**EXERCISE INPUT:**
· · · · ·
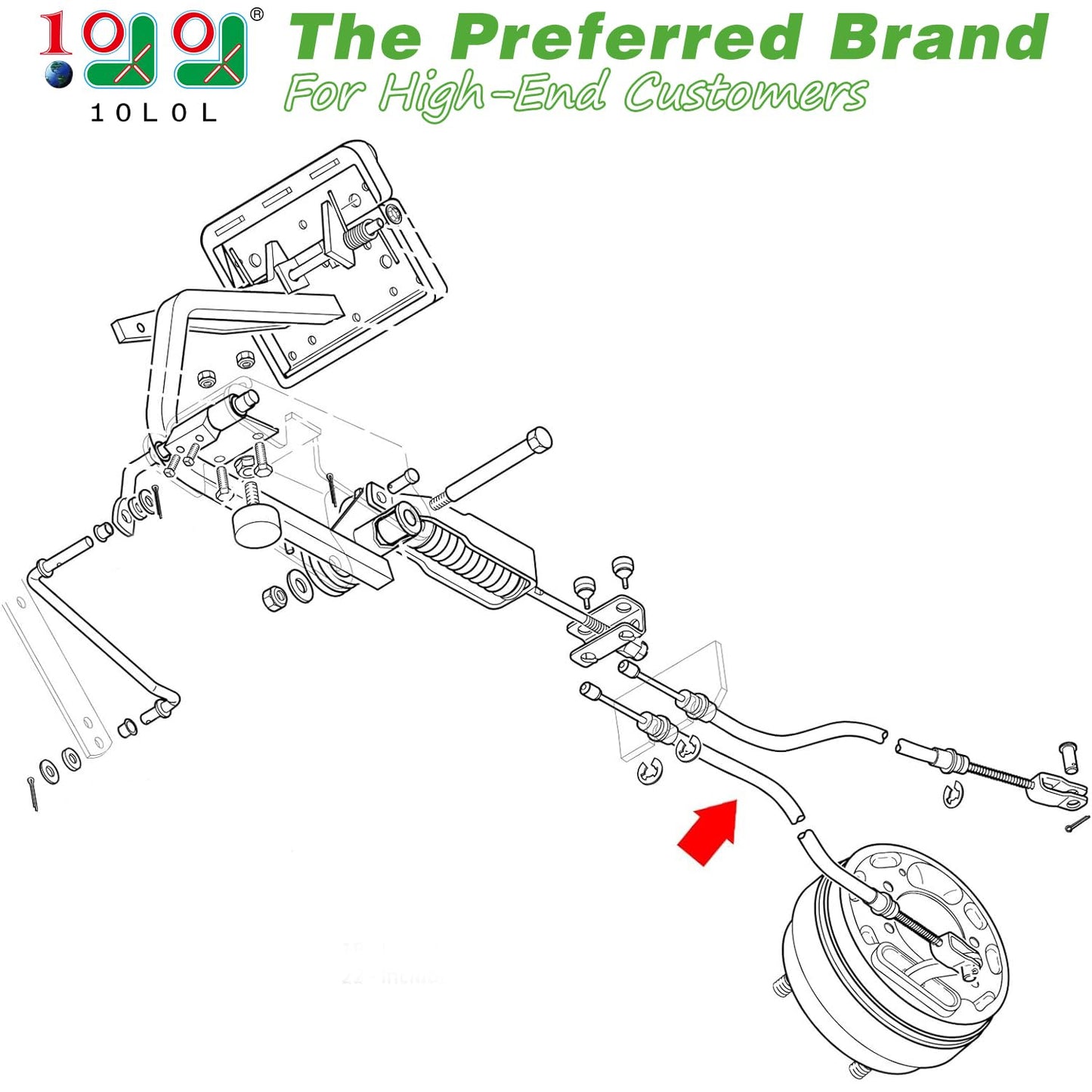 10L0L Golf Cart Brake Cable Stainless Steel Core Fits for EZGO TXT 1994-Up OR EZGO TXT Marathon Medalist, Driver & Passenger Side Brake Cable OEM# 70716-G03 70273-G03 70969-G03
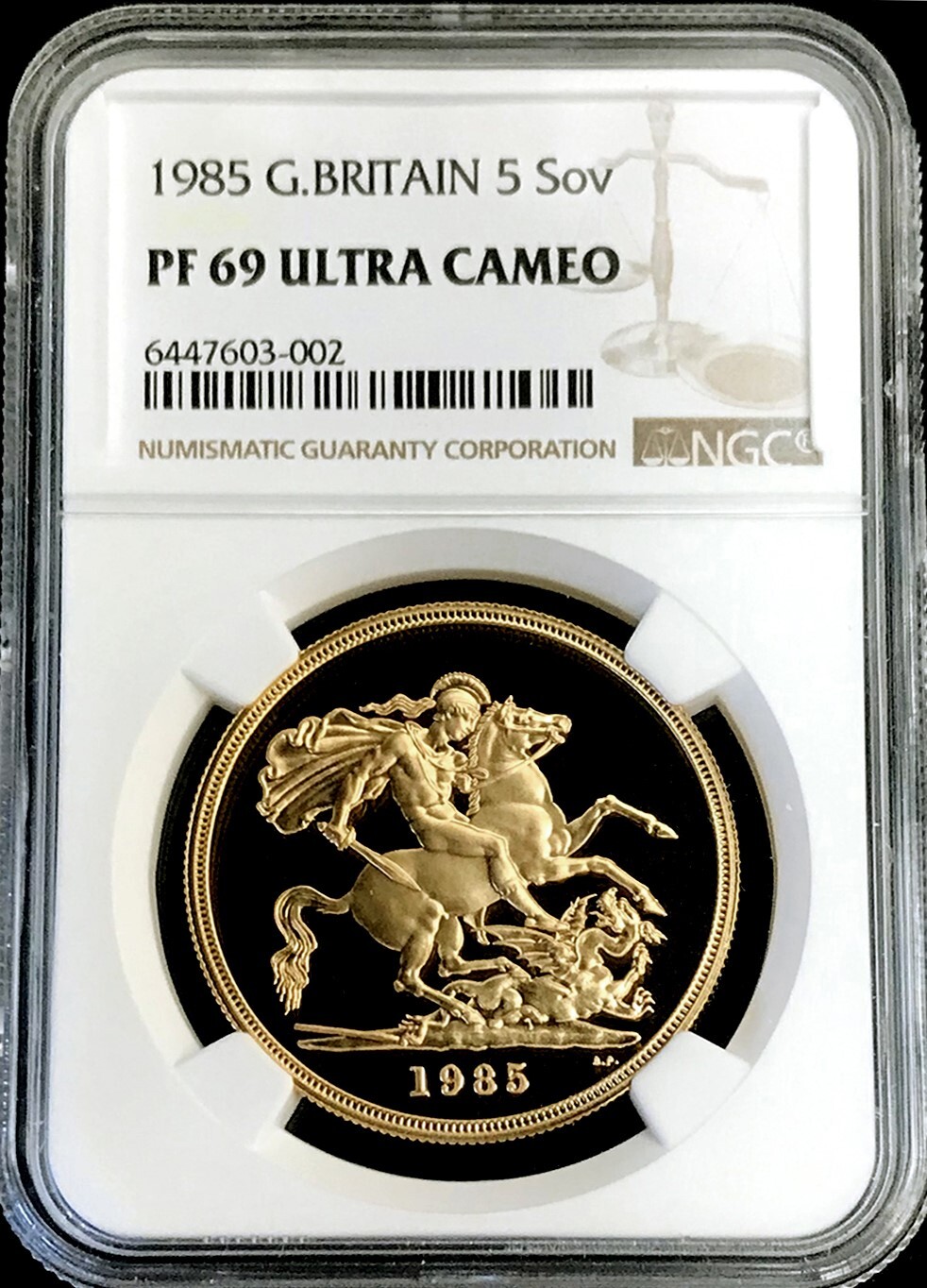 1985 GOLD GREAT BRITAIN 6130 MINTED PROOF 5 POUNDS SOVEREIGN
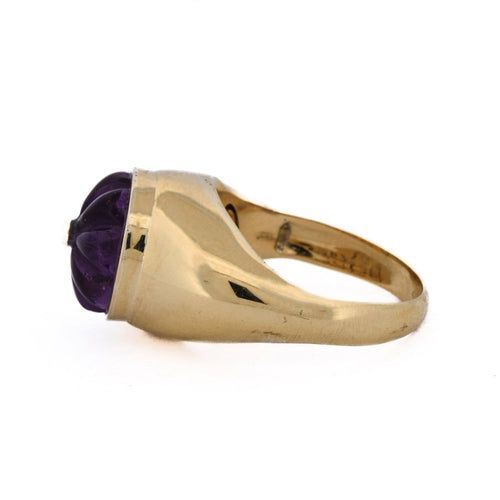 Bague 55 Bague vintage en or jaune 18 ct avec améthyste et diamant 58 Facettes AN676 (00119)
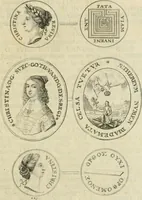 An illustration from Thesaurus nummorum sueo-gothicorum : studio indefesso Eliae Brenneri L. annorum spatio collectus, secundum seriem temporum dispositus, atqve e tenebris, cum commentatione in apricum prolatus ; accessit ejusdem auctoris Libellus de nummophylaciis Sveciae: de scriptoribus rei nummariae svethicae, atque de thesauris, seu variis vetustorum nummorum cumulis, passim per Sveoniam fortuito casu repertis (1731)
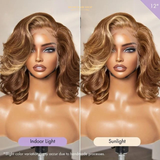 Body Wave Honey Brown Méché Blond Sans Colle 13x4 PreMax
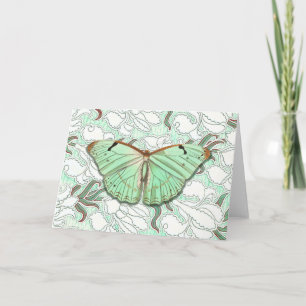 Vintager Schmetterling Florals Art Note Card Karte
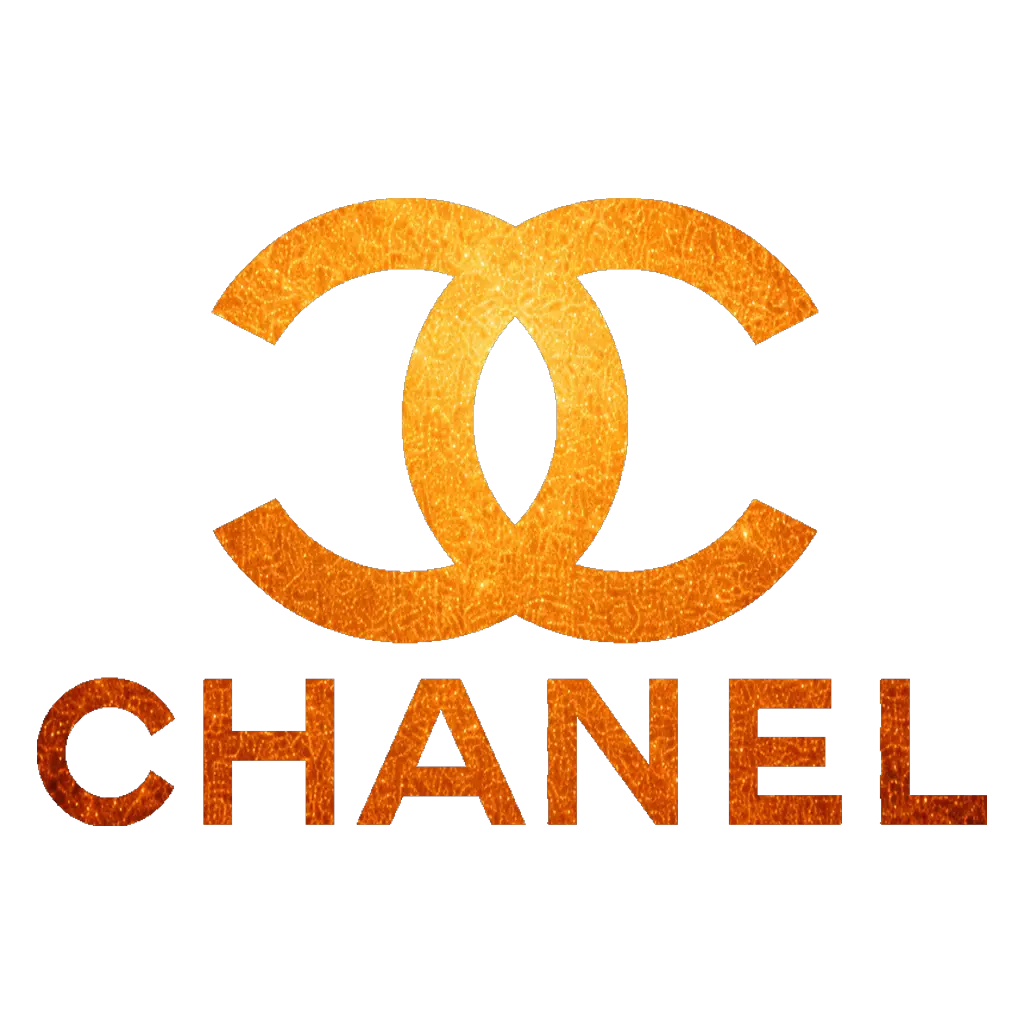 Chanel logo med dobbelt C monogram og CHANEL tekst i gyldent amber glitter finish på hvid baggrund. Chanel logo med dobbelt C monogram og CHANEL tekst i gyldent amber glitter finish på hvid baggrund. 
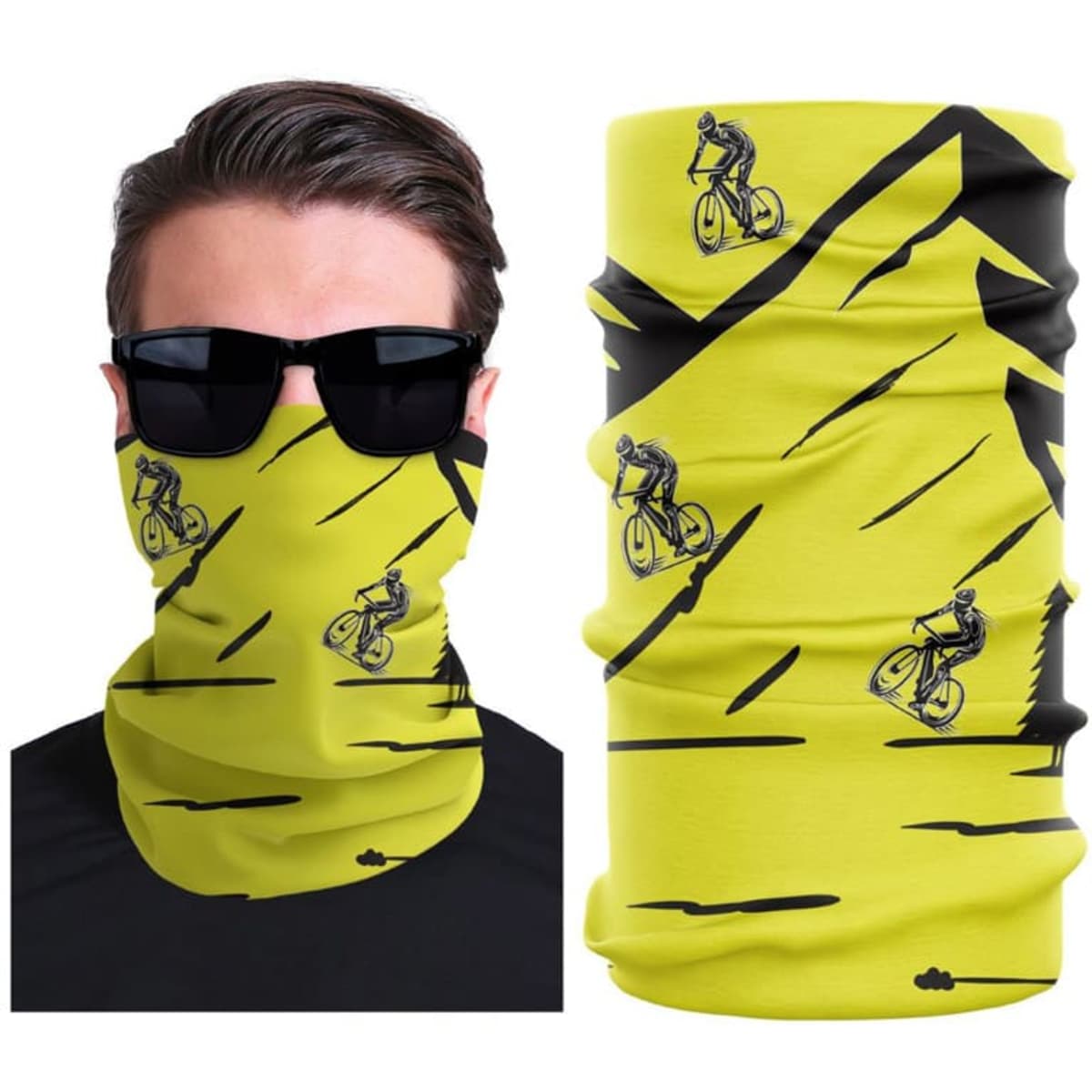 A multi-purpose headwear in bright yellow with black bicycle designs and a logo.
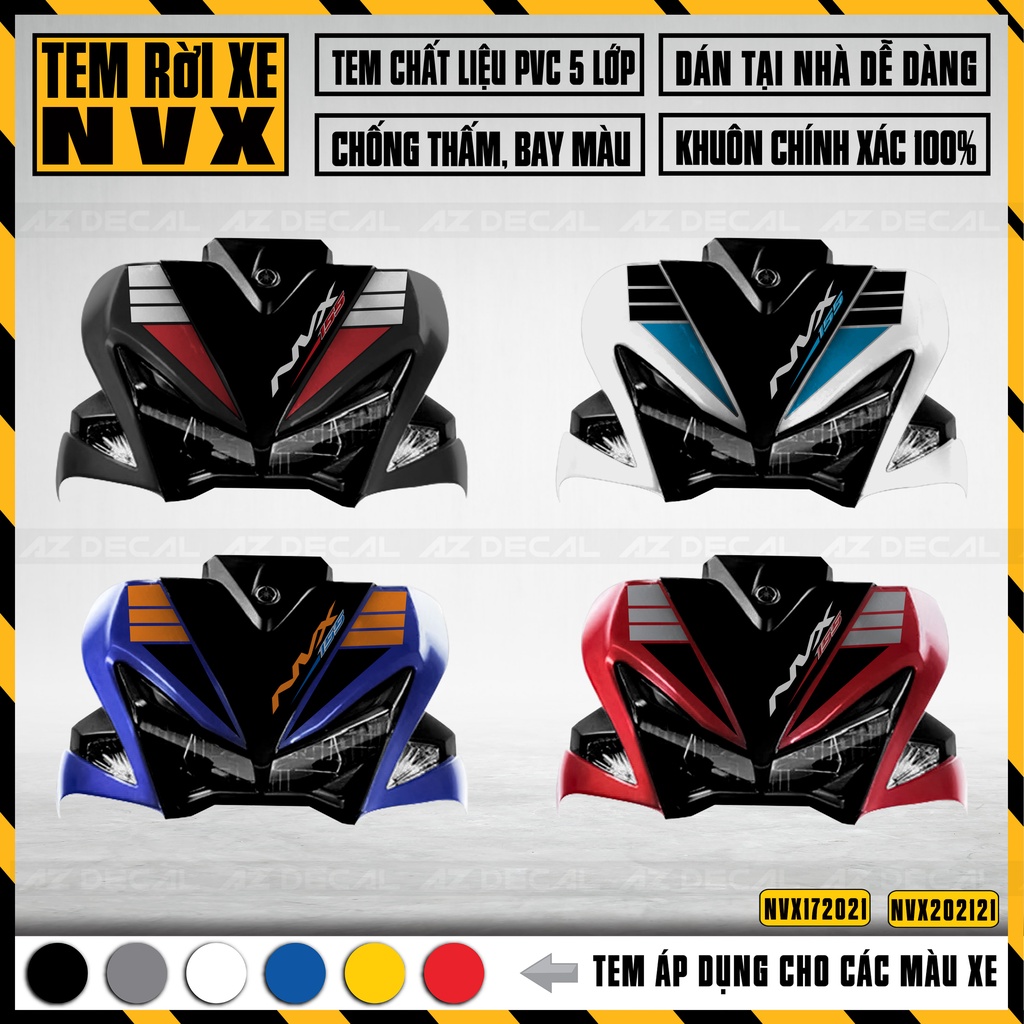 Tem Rời Xe Yamaha NVX Các Đời 2017-2021 | NVX21 | Chất Liệu Decal Chế Dán Xe Chống Nước, Không Phai Màu, Dễ Sử Dụng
· · · · ·
**YOUR OBJECTIVE:** Your task is to retype exactly, and only, the lines from the one that holds "A multi-purpose headwear" through the end of the listing, both end lines included, without any pictures.

**RESPONSE AREA:**
 A multi-purpose headwear in bright yellow with black bicycle designs and a logo.
 Tem Rời Xe Yamaha NVX Các Đời 2017-2021 | NVX21 | Chất Liệu Decal Chế Dán Xe Chống Nước, Không Phai Màu, Dễ Sử Dụng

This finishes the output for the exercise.